Grant has still not decided which way to turn - 60 miles toward Jackson or 30 miles toward Vicksburg. But he is confident enough to let Pemberton make that choice. Almost the last thing Grant does before leaving Grand Gulf is to send a message to Washington detailing his unclear intentions. And then, at 5:00 am the next morning, May 4, Grant leaves to rejoin his army at 14 mile Creek - cutting himself off from any communication with headquarters before Washington can argue with his decision.
At the same time General Pemberton (above), is feeling frustrated. He cannot be certain yet that the Union capture of Port Gibson is not just an elaborate feint. And Pemberton still has no idea where Sherman’s Corps is. Two days ago it was threatening Hayes Bluff. Tomorrow Sherman could return. A Union coup de main on Haynes Bluff would capture an abandoned Vicksburg in a matter of hours. Pemberton is convinced he must either stay in Vicksburg or at least close enough to get back quickly should Sherman re-appear suddenly. 
Pemberton’s orders from Confederate President Jefferson Davis were absolute.  He must hold Vicksburg at all costs. And since he does not have enough men to hold the city and maneuver against Grant at the same time, Pemberton seeks a third alternative. He leaves two divisions behind, to improve the defenses at Vicksburg. He then pushes his remaining three divisions 36 miles east, just over the Big Black River to Edwards, Mississippi.  He orders them to dig in there and wait to see which way Grant moves, toward Vicksburg or Jackson.
MONDAY, MAY 4, 1863
As the Union Army retreats once more from the Rapidan River crossings in Northern Virginia, the final cost  is added up; 17,000 Union and 13,000 Confederate dead, wounded and captured. And this day the last brigades of John Longstreet’s corps, which Lee had been forced to disperse to the tidewater areas of Southern Virginia and North Carolina to forage during the winter, move to rejoin the Army of Northern Virginia. Lee is gathering his strength for an invasion of Pennsylvania.

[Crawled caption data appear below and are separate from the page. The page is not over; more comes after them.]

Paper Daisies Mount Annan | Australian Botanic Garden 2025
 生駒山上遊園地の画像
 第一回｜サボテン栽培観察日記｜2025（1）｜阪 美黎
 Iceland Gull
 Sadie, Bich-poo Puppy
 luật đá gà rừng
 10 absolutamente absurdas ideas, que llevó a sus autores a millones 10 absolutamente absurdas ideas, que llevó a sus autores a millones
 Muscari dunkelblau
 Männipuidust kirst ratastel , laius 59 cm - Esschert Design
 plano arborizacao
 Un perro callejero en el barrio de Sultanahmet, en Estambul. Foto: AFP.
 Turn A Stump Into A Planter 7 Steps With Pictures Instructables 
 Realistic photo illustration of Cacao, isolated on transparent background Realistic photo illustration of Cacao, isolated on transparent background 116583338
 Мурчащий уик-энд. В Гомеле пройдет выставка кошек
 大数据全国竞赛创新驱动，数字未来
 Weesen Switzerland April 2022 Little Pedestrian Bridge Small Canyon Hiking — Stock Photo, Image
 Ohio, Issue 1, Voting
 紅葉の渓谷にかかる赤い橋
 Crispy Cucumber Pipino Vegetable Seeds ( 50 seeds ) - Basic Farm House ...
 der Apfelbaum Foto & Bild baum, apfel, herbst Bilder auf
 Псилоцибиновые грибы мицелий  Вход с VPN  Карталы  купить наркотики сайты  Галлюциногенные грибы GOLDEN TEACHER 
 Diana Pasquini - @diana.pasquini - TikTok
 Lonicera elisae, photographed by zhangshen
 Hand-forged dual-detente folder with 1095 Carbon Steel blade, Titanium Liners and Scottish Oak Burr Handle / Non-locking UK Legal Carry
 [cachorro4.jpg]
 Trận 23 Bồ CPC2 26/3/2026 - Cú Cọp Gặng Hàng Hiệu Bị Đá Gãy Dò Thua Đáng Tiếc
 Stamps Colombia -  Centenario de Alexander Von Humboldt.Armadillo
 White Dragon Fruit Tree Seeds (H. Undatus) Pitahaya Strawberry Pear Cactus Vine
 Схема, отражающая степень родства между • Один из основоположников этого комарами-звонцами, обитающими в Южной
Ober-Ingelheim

In Mississippi,  Grant orders a reconnaissance in force to move toward Vicksburg, to convince Pemberton that the “Gibraltar of the South” is his immediate target. In truth he is still not certain which way he will turn. When Sherman's Corps crosses the Mississippi River and joins the main body, Grant will have 42,000 men in Mississippi. It is a razor thin majority over Pemberton's total force. But Grant never intends to face Pemberton's total force.
TUESDAY, MAY 5, 1863
Lt. General John C. Pemberton (above) now receives a telegram from his new immediate superior,  General Joe E. Johnston, advising him that his army is more valuable than the town of Vicksburg.  But Davis had appointed a man much like himself – a man without much imagination. And having such a man as the commander of an independent, distant and vital outpost, facing an active aggressive foe like Grant, is a recipe for disaster.
After misjudging Grant’s move downstream, Pemberton now compounds his mistake by underrating Grant’s audacity.  The jugular of Vicksburg, its reason de arte as a military objective, is the Vicksburg, Jackson & Brandon Railroad that runs west to Jackson, Mississippi. There it crosses the Central Mississippi Railroad, which connects the warehouses of the Vicksburg docks with the rest of the Confederacy across the river. A Federal army across the tracks of the Vicksburg - Jackson railroad cuts that supply line. And if that happens for an extended time, Vicksburg’s value to the Confederacy would be reduced by more than half.
As Lincoln observed the year before, cut that railroad and supplies from Arkansas, Texas and Western Missouri, carried to the Mississippi River's edge on the Vicksburg & Shreveport Railroad, then ferried across the river to Vicksburg, would then have to be loaded onto wagons and transported the painful, tortuous 44 miles to the state capital at Jackson, Mississippi, where it would then have to be reloaded on the Central Mississippi Railroad. What can be traversed today by automobile in less than an hour, in 1863 required five long exhausting days. It required horses and men and, after two years of war, the Confederacy was running short of both. So it was vital not only that Vicksburg be held, but that the Vicksburg and Jackson Railroad be held. And the only way that could be done, now that Grant was on the eastern side of the river, was to defeat Grant’s army and force him to retreat.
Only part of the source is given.